§ **Task description**: With the pictures omitted, please transcribe exactly the lines beginning at the one that contains "കേന്ദ്ര സർവകലാശാല രജിസ്ട്രാറെ" and ending with the last line of the records below.

---+---

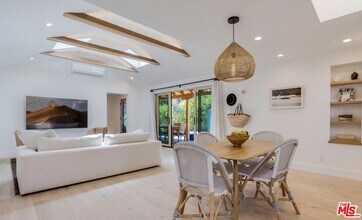 619 California Ave in Los Angeles, CA - Building Photo - Building Photo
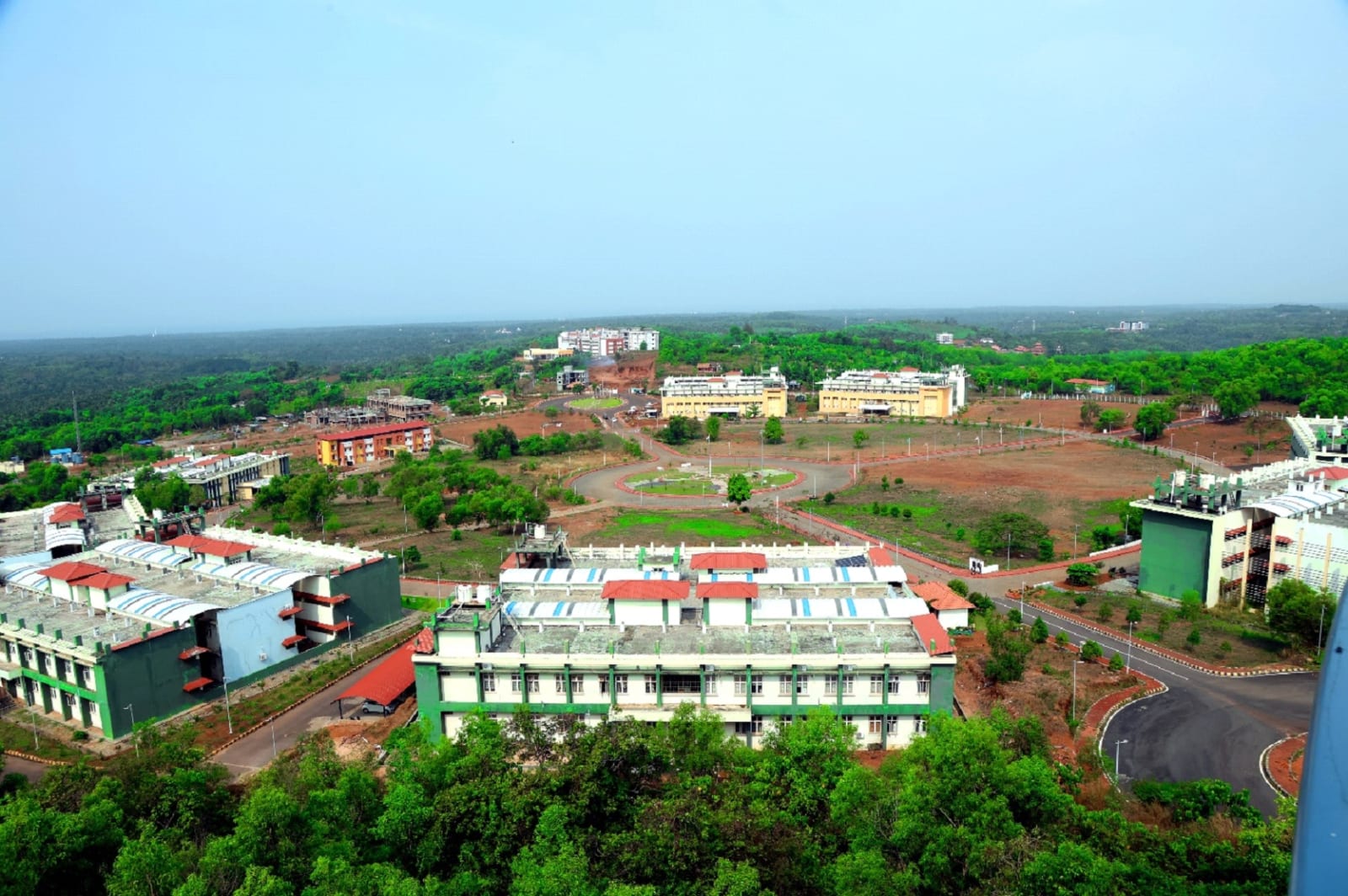 കേന്ദ്ര സർവകലാശാല രജിസ്ട്രാറെ നീ ക്കണം  രാഷ്ട്രപതിക്കും കേന്ദ്ര വിദ്യാഭ്യാസ മന്ത്രിക്കുംപരാതി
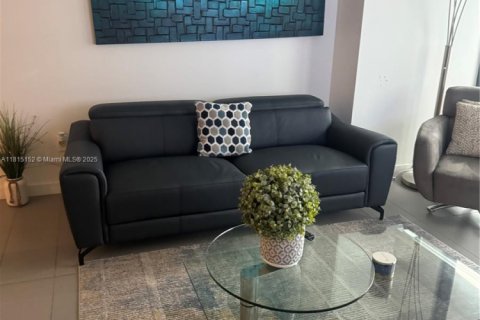 Copropriété à louer à Miami, Floride: 2 chambres, 81.94 m2 № 1766761 - photo 3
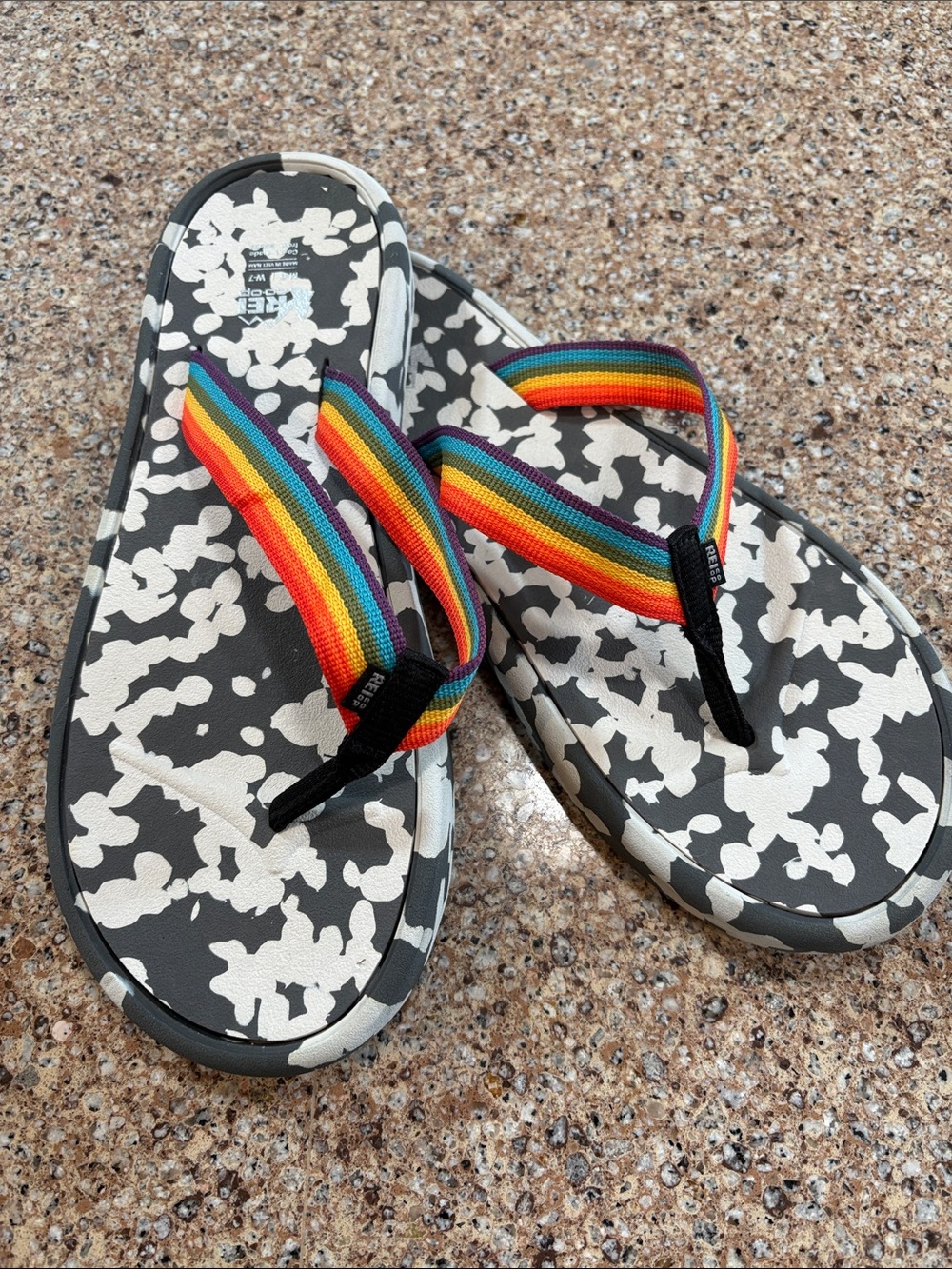 REI CO-OP Unisex Recycled Flip-Flops in Pride Edition Colorway - W7/M6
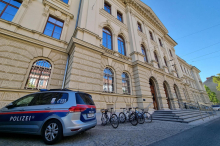 14-Jährige in Hinterhalt verprügelt: „Sie zündeten mir die Haare an“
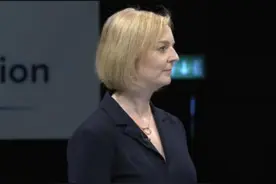 特拉斯口无遮拦，威胁按下核按钮！俄罗斯：她连地图都认不全图片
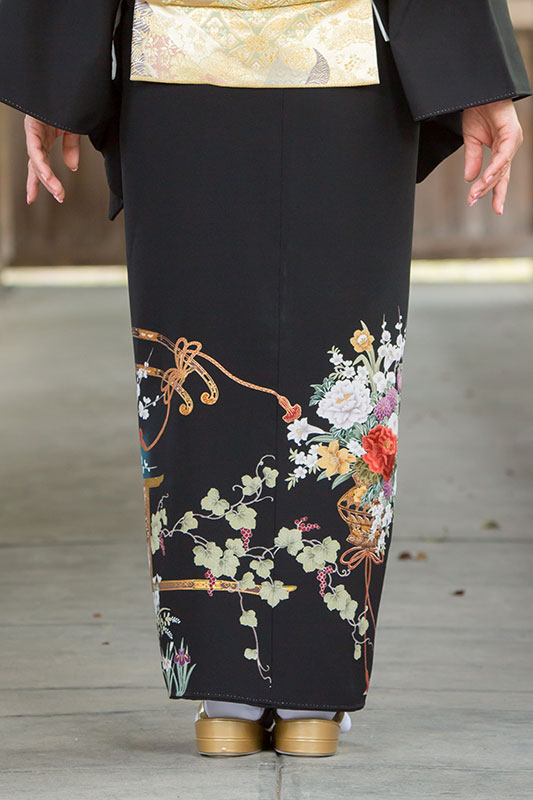 裾模様（後ろ）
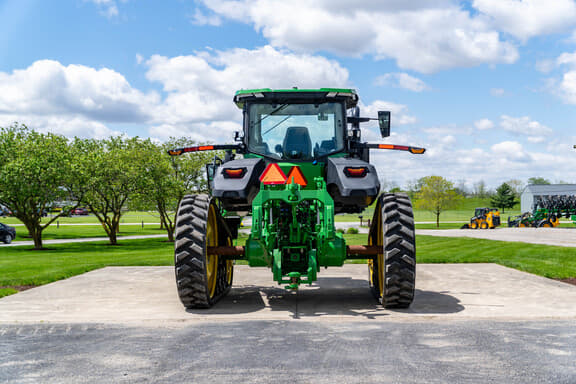 Image of John Deere 8RT 370 equipment image 3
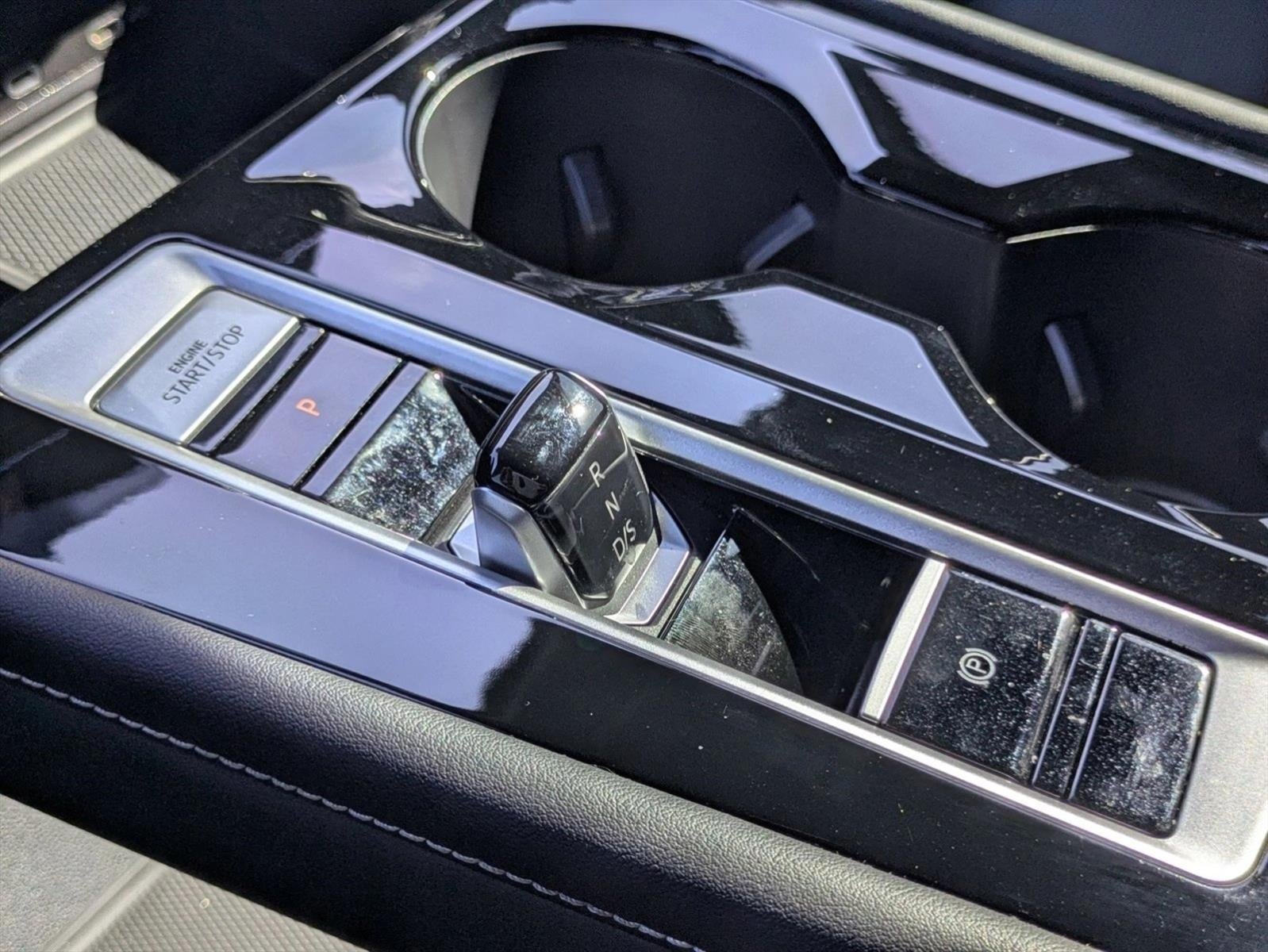 2024 Volkswagen Atlas Cross Sport 2.0T SEL R-Line 4MOTION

---+---

§ **Response box**:
 കേന്ദ്ര സർവകലാശാല രജിസ്ട്രാറെ നീ ക്കണം  രാഷ്ട്രപതിക്കും കേന്ദ്ര വിദ്യാഭ്യാസ മന്ത്രിക്കുംപരാതി
 Copropriété à louer à Miami, Floride: 2 chambres, 81.94 m2 № 1766761 - photo 3
 REI CO-OP Unisex Recycled Flip-Flops in Pride Edition Colorway - W7/M6
 14-Jährige in Hinterhalt verprügelt: „Sie zündeten mir die Haare an“
 特拉斯口无遮拦，威胁按下核按钮！俄罗斯：她连地图都认不全图片
 裾模様（後ろ）
 Image of John Deere 8RT 370 equipment image 3
 2024 Volkswagen Atlas Cross Sport 2.0T SEL R-Line 4MOTION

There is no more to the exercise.